Data shown:
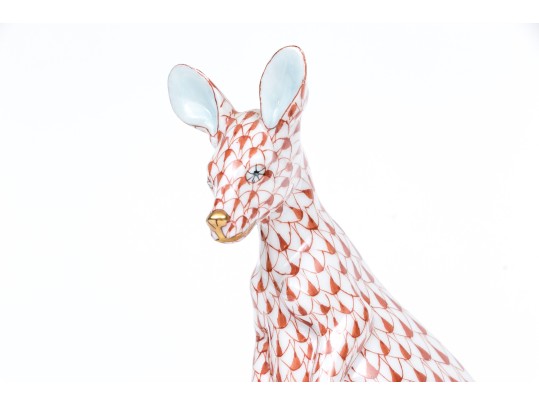 Herend Rust Fishnet Pattern Kangaroo With Joey Figure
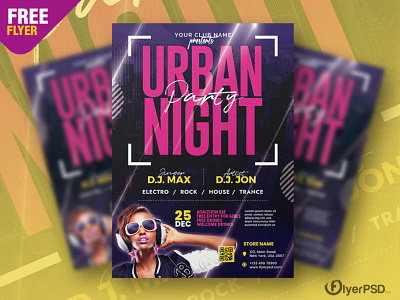 Urban Night Party Event Flyer PSD flyer flyer psd free flyer free psd freepsd party flyer photoshop poster psd flyer psd flyers template urban night urban party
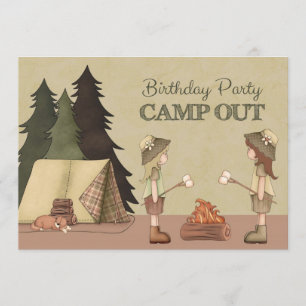 Invitación Chicas acampan fuera fiesta de cumpleaños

Brief: An exact transcription of the data above is needed, without the pictures.

Result of this exercise:
 Herend Rust Fishnet Pattern Kangaroo With Joey Figure
 Urban Night Party Event Flyer PSD flyer flyer psd free flyer free psd freepsd party flyer photoshop poster psd flyer psd flyers template urban night urban party
 Invitación Chicas acampan fuera fiesta de cumpleaños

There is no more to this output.